Thursday, October 24, 2013

My Teacup Runneth Over

While on a weekend adventure in Port Angeles, we went to the best little coffee shop in town, The Blackbird Coffeehouse, to have some pre-hike refreshments. Rich ordered a drip coffee or something with a concentrated dose of caffeine, while I opted for a cup of tea. The tea was uncommonly good and it was referred to as "Sweet Mint". It was a loose-leaf tea and the paper infuser it was in was anchored in the cup and stayed there as we drove up to Hurricane Ridge and beyond.


After making it to Obstruction Point without too much cringing from exposure or from the near head-on collision with an inattentive driver, we thought we should get out of the car and actually hike. It was cold and rain had been forecast for everywhere, including Sequim, the rainshadow capitol of the PNW and previously referred in a statement about the ever-present sunshine, "It's sunny in Sequim!".  In spite of the impending doom, we zipped up our rain gear to protect against the cold wind and headed out on the Grand Ridge Trail.

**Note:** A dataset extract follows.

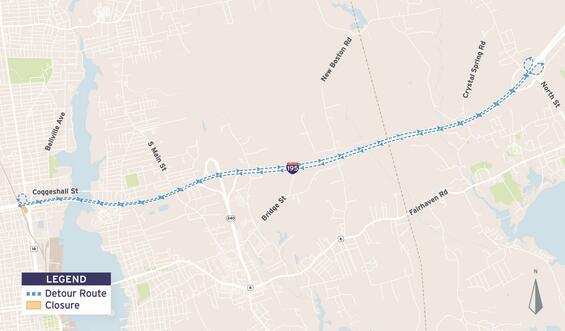 Ramp F detour map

While I had been planning to re-create a hike that Rich had been on years before, one that would start two groups of hikers at either end of this ridge, they would meet in the middle and exchange keys, then hike to their friends' cars and reunite elsewhere (perhaps some tea and coffee?), thus allowing the hikers to all hike the length of the ridge without the mess of a car shuttle. But the Forest Service had other plans; they were going to close this road in just a couple of days to do some maintenance before the winter snows set in. Without the luxury of a key exchange, Rich and I were just doing the same-old out-and-back hike.


The trail started out steeply and with shale, so that it was more of a goat path which reminded me of the hike to Easy Pass in the N Cascades. But soon, the way became more trail-like, leveling off and we even had a few views, though the clouds were closing in. The immediate landscape was something like the moors of Scotland or the interior of Iceland; we were transported off the continent for the afternoon.

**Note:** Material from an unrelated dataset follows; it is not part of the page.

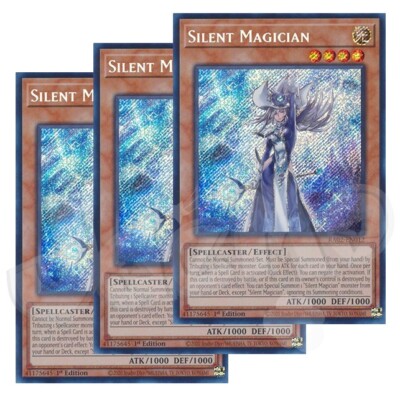 Yugioh - Silent Magician x 3 - 1st Edition Secret Rare NM - Free Holo Card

The rain started slowly, sneaking in and trying to trap us up on the ridge. Imagining the drive on the exposure-laden gravel road, I willed myself to turn back to the car. The tea was still in the car, with the tea leaves still immersed in water, now cold. But I was thirsty and I took a sip. Instead of a bitter sourness which often comes from over-brewed tea, my mouth was welcomed with a sweet, intense drink. The tea had only improved with time. I had to find out more about this tea, so we left Obstruction Point to head back to Blackbird.

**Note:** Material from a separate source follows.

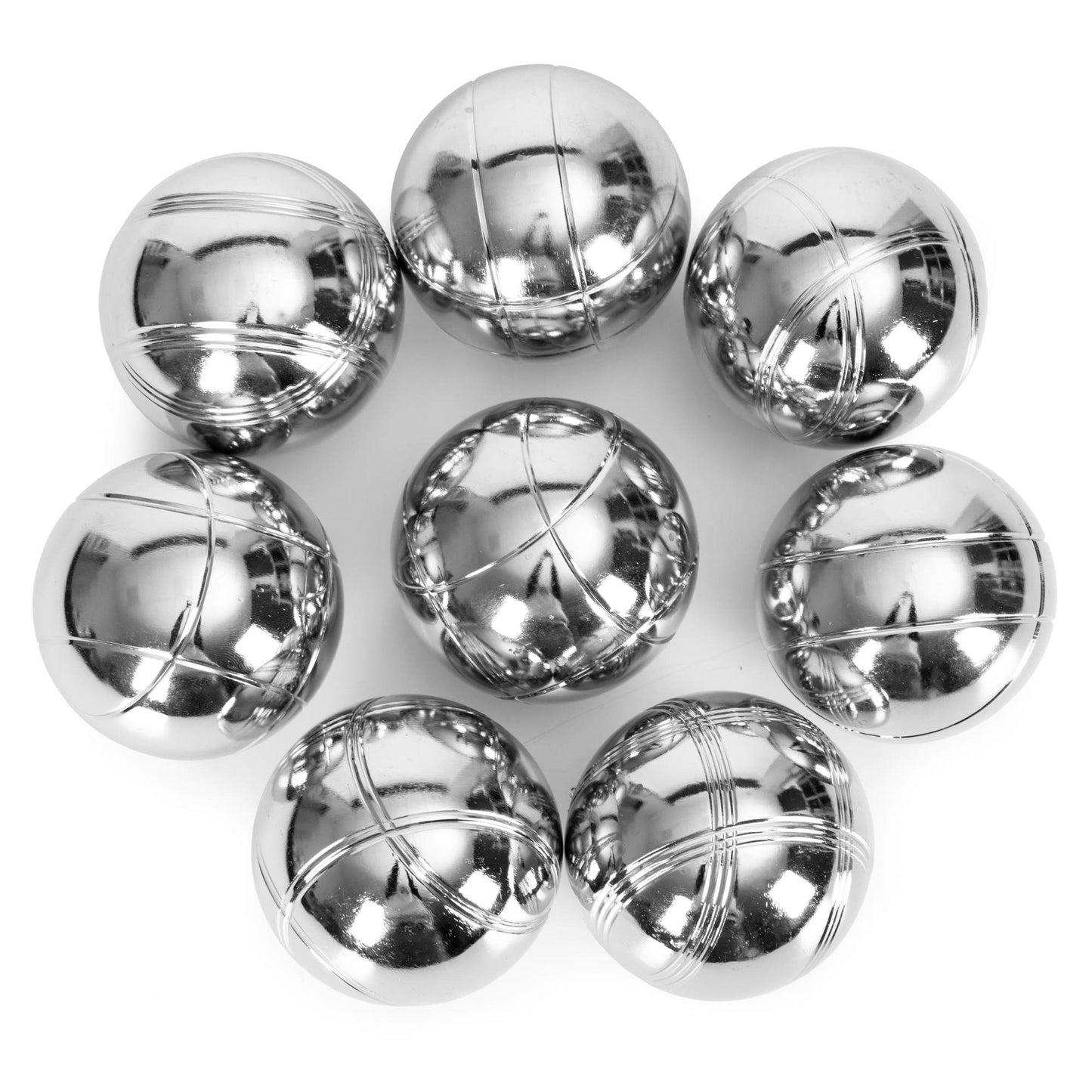 Petanque Boules Set, 8 Chrome Steel Balls + Case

And so began my quest for the "Sweet Mint" tea, which is made by Rishi in lovely Wisconsin. There is no tea by that name, but they have many teas that are enticing (Turmeric Ginger, White Ginseng Detox) which is how it came to be that my cupboards are stocked to the brim with several different varieties of Rishi tea, as well as a few other brands thrown in for good measure. I even purchased a glass double-walled tumbler with a built-in infuser so I can take my favorite tea, Mystic Mint, on the road.